Congcong is learning recursion, and Dawei has assigned him an interesting digit counting task.

Problem Description

Given a non-negative integer $n$, compute recursively (no loops) the count of the occurrences of $8$ as a digit. Except that an $8$ with another $8$ immediately to its left counts double, so $8818$ yields $4$. Note that mod ($n \% 10$) by $10$ yields the rightmost digit ($126 \% 10$ is $6$), while divide ($n / 10$) by $10$ removes the rightmost digit ($126 / 10$ is $12$).

Input Format

Input is given from Standard Input in the following format.

$n$

Output Format

Output is printed to Standard Output in the following format.

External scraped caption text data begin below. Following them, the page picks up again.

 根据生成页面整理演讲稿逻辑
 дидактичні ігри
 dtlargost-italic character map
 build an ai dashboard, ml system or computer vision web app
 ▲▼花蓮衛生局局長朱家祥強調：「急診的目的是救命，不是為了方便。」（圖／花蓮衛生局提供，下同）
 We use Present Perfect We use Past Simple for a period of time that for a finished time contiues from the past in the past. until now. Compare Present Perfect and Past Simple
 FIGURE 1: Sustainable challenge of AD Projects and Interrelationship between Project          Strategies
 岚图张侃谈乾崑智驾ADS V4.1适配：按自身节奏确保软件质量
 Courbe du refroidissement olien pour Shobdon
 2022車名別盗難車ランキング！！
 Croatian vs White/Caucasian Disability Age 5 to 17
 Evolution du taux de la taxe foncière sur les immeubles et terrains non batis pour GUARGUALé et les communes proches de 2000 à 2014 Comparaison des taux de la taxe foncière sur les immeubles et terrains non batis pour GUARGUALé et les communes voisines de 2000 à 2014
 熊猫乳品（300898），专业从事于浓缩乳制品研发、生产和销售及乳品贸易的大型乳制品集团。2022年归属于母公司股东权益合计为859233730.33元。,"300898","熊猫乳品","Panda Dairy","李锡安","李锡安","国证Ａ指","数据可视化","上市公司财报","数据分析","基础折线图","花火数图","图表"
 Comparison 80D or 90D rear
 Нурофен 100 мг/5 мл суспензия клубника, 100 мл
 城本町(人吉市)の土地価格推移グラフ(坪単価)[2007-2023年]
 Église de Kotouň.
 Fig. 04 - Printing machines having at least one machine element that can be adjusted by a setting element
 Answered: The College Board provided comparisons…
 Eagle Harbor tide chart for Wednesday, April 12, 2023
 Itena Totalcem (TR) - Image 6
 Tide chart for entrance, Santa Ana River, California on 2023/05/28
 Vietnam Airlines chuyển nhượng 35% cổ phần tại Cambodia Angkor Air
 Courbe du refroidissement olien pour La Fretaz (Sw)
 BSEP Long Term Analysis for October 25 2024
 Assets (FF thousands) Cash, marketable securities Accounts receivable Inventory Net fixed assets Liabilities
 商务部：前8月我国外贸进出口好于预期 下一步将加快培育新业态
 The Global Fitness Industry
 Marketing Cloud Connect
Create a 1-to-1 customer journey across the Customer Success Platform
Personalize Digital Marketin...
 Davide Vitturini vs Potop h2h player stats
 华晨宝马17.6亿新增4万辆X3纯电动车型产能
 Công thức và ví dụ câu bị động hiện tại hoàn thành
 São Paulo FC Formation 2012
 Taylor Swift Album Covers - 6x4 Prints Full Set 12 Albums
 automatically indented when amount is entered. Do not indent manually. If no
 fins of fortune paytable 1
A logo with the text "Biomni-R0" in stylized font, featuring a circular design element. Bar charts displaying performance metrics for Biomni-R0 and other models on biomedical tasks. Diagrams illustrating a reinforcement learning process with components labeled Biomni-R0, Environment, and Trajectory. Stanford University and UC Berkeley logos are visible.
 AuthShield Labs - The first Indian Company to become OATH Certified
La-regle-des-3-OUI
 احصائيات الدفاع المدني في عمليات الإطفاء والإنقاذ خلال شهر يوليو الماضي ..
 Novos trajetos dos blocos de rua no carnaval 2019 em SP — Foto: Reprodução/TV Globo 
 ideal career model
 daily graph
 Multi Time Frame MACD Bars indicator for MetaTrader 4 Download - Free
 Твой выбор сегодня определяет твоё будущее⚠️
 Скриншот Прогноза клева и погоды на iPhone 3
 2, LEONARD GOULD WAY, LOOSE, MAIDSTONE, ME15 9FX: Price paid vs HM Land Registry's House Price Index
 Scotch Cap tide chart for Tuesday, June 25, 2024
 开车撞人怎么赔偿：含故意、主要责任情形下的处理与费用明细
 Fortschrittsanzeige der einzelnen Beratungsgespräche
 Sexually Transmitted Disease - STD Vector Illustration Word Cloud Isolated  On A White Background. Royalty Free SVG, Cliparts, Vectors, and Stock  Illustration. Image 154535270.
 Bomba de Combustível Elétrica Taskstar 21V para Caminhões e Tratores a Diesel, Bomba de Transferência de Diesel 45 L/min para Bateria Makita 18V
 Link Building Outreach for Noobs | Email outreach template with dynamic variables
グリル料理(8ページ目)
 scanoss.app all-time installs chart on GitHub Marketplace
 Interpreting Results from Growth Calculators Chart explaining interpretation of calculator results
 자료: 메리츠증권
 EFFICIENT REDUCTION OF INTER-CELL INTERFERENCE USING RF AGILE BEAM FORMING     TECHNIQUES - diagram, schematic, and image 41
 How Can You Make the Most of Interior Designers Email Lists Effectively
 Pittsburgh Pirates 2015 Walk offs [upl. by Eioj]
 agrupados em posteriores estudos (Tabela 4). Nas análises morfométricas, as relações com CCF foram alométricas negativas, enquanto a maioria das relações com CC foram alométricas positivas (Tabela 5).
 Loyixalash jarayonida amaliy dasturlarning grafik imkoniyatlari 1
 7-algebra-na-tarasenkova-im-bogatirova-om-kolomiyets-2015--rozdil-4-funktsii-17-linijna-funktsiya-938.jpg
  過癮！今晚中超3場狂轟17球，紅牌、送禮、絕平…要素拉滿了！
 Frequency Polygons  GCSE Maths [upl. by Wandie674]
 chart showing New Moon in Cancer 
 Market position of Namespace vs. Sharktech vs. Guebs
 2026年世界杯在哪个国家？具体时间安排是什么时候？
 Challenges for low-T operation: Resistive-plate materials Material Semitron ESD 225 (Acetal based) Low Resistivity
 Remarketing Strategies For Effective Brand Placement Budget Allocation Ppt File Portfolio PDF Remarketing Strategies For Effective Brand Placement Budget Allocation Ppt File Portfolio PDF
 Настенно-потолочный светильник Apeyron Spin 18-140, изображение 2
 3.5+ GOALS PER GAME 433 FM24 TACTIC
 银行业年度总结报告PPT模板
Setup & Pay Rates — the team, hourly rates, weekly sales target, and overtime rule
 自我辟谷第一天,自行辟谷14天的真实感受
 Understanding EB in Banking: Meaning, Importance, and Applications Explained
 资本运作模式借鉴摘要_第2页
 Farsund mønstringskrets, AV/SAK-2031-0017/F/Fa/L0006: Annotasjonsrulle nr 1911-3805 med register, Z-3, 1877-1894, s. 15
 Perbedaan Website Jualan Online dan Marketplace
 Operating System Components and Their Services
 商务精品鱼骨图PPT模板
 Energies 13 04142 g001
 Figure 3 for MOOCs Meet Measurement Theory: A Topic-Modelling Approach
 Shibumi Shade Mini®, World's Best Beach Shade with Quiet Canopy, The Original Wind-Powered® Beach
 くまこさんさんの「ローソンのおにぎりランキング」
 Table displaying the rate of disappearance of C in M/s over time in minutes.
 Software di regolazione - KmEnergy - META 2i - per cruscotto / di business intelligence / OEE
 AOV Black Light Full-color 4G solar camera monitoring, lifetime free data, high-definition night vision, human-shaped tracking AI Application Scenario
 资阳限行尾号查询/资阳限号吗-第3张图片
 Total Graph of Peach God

The total count of occurrences of $8$.

Sample

8

1

818

2

8818

4

Sample Explanation

For input $8818$:

• The rightmost $8$ (units digit) has no $8$ to its left, counts as $1$.
• The digit $1$ does not count.
• The second $8$ from the left (hundreds digit) has an $8$ to its left (thousands digit), so it counts as $2$.
• The leftmost $8$ (thousands digit) has no digit to its left, counts as $1$. Total count is $1 + 0 + 2 + 1 = 4$.

Constraints

Time limit: 1 second, Memory limit: 1024 KiB